#### [TASK TO COMPLETE]
In the entries that follow, repeat exactly the lines from the one that has "Tomorrow we're going" through the one that has "For example, 36", but omit pictures.

#### [RECORD SET]
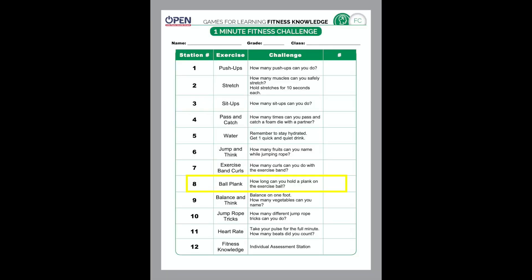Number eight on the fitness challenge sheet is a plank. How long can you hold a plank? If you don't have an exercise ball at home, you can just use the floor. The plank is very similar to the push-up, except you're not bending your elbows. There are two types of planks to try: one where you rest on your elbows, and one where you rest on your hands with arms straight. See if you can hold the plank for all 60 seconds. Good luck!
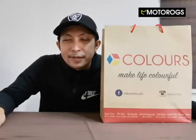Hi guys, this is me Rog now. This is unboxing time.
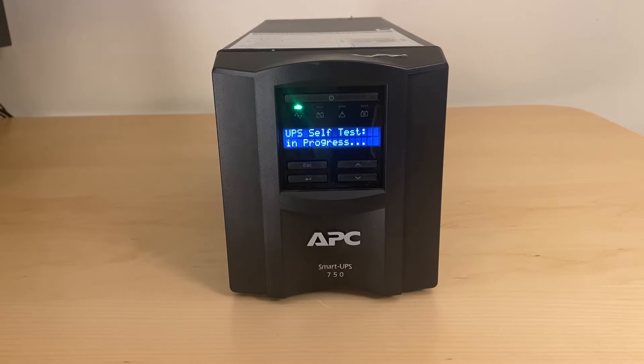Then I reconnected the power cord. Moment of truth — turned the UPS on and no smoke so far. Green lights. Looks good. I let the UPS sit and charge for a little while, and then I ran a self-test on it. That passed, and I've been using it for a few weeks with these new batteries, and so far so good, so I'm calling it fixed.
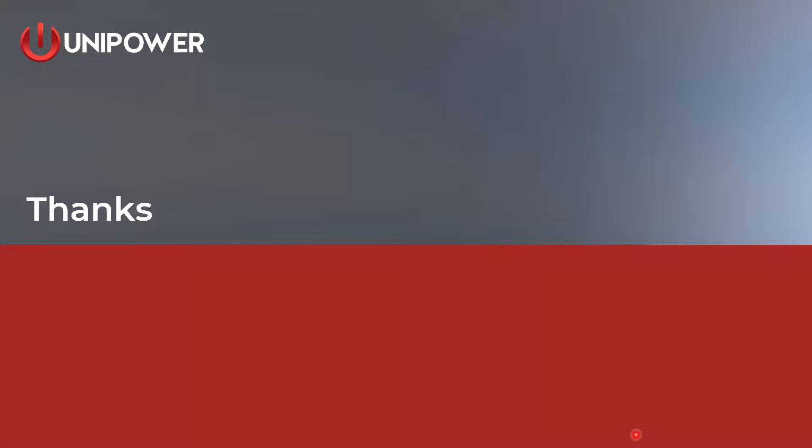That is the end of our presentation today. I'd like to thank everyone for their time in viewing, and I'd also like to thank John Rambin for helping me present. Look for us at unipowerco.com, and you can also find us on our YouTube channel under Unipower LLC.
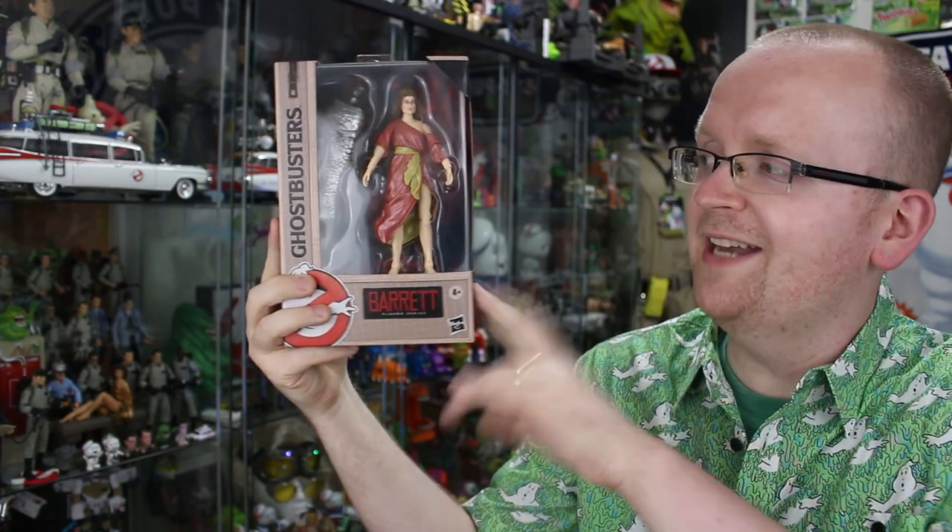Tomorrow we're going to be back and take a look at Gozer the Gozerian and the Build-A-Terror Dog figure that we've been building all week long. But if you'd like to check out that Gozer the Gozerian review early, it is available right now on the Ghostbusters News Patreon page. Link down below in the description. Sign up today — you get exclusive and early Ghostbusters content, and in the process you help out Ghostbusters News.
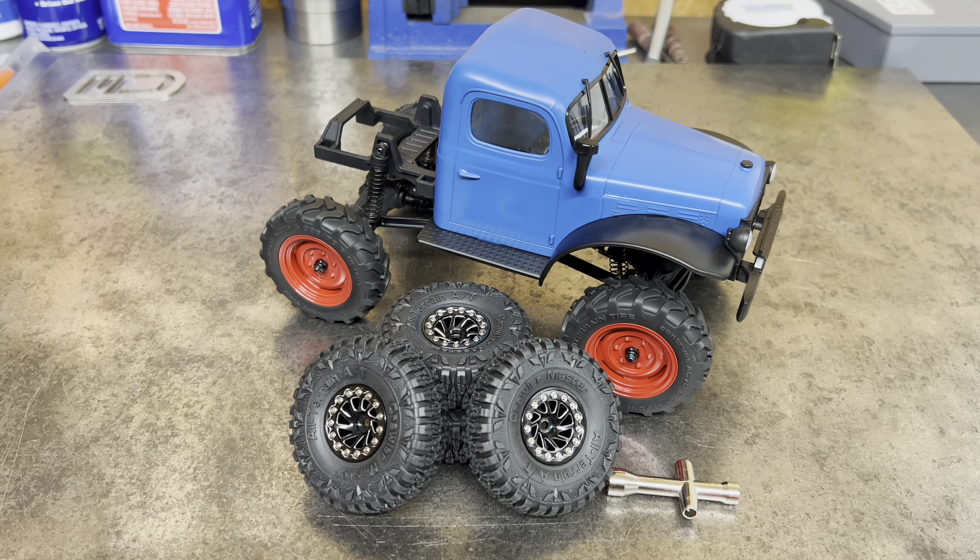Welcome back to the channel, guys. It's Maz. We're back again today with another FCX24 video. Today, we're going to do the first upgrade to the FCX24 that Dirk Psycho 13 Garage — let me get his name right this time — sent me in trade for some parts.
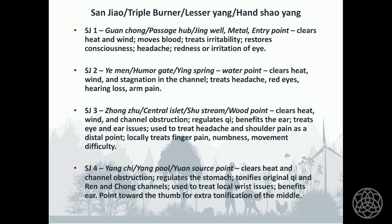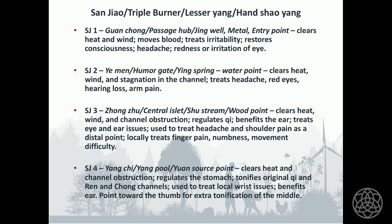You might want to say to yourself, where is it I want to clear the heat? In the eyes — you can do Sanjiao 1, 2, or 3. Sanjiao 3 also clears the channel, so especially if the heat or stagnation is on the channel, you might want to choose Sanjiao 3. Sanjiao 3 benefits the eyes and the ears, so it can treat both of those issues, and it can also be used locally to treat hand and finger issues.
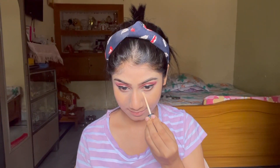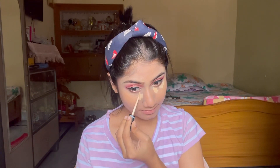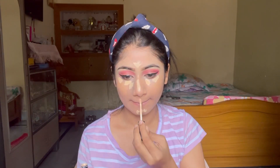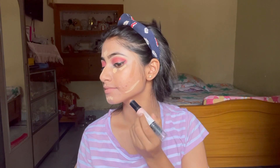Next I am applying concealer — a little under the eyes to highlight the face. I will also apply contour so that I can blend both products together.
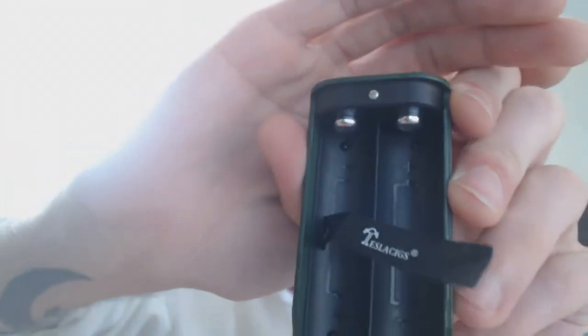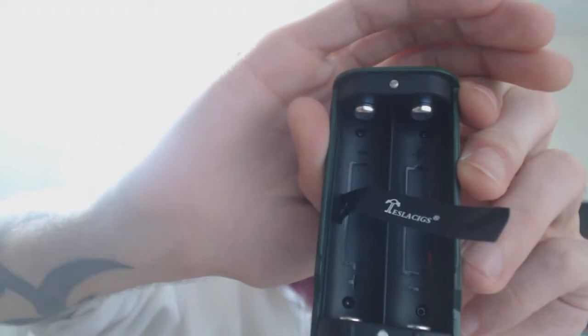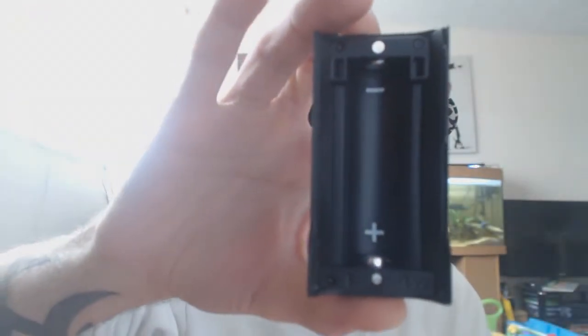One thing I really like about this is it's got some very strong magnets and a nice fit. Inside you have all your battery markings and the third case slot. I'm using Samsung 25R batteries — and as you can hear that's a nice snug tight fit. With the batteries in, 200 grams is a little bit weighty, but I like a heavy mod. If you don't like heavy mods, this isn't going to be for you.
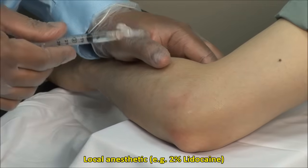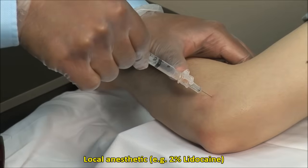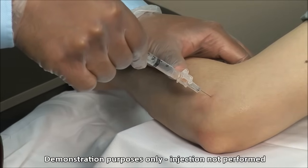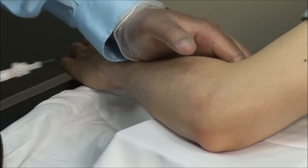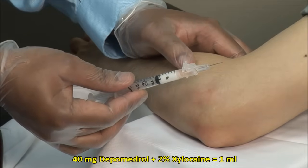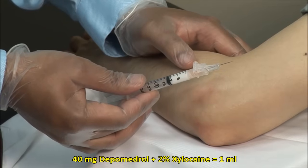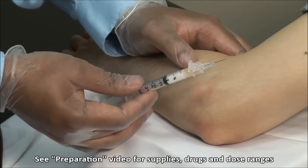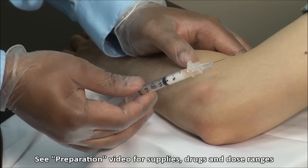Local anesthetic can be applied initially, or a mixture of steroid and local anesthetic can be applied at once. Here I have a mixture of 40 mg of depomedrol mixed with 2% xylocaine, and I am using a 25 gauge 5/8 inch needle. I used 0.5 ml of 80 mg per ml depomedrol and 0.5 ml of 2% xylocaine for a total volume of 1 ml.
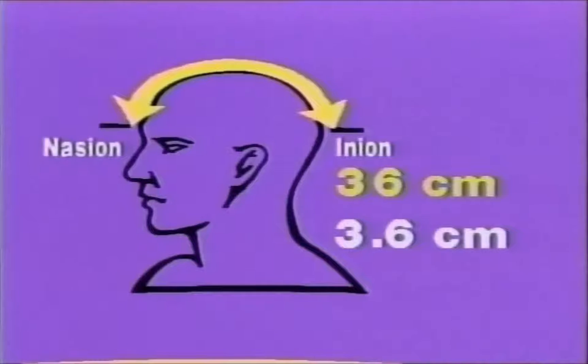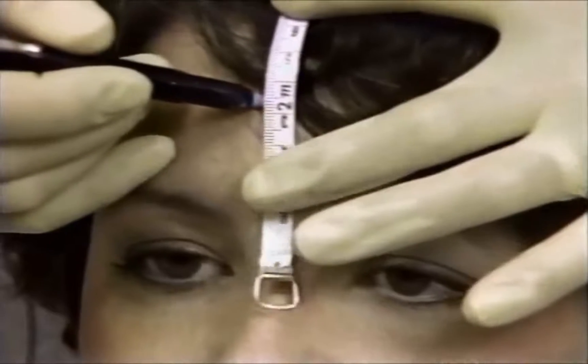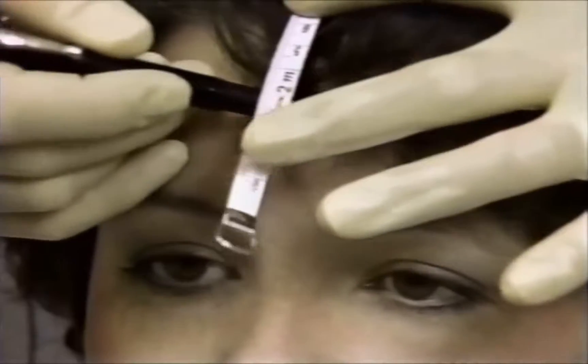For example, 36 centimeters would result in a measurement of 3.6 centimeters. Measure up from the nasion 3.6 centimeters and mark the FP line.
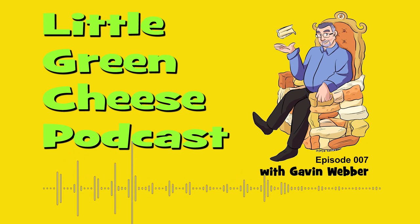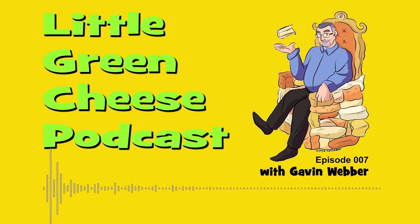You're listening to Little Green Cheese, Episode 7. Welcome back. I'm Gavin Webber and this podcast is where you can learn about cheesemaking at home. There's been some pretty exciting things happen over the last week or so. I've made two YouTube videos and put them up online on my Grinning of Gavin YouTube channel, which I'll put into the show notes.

#### [RESULT BELOW]
Tomorrow we're going to be back and take a look at Gozer the Gozerian and the Build-A-Terror Dog figure that we've been building all week long. But if you'd like to check out that Gozer the Gozerian review early, it is available right now on the Ghostbusters News Patreon page. Link down below in the description. Sign up today — you get exclusive and early Ghostbusters content, and in the process you help out Ghostbusters News.
Welcome back to the channel, guys. It's Maz. We're back again today with another FCX24 video. Today, we're going to do the first upgrade to the FCX24 that Dirk Psycho 13 Garage — let me get his name right this time — sent me in trade for some parts.
You might want to say to yourself, where is it I want to clear the heat? In the eyes — you can do Sanjiao 1, 2, or 3. Sanjiao 3 also clears the channel, so especially if the heat or stagnation is on the channel, you might want to choose Sanjiao 3. Sanjiao 3 benefits the eyes and the ears, so it can treat both of those issues, and it can also be used locally to treat hand and finger issues.
Next I am applying concealer — a little under the eyes to highlight the face. I will also apply contour so that I can blend both products together.
One thing I really like about this is it's got some very strong magnets and a nice fit. Inside you have all your battery markings and the third case slot. I'm using Samsung 25R batteries — and as you can hear that's a nice snug tight fit. With the batteries in, 200 grams is a little bit weighty, but I like a heavy mod. If you don't like heavy mods, this isn't going to be for you.
Local anesthetic can be applied initially, or a mixture of steroid and local anesthetic can be applied at once. Here I have a mixture of 40 mg of depomedrol mixed with 2% xylocaine, and I am using a 25 gauge 5/8 inch needle. I used 0.5 ml of 80 mg per ml depomedrol and 0.5 ml of 2% xylocaine for a total volume of 1 ml.
For example, 36 centimeters would result in a measurement of 3.6 centimeters. Measure up from the nasion 3.6 centimeters and mark the FP line.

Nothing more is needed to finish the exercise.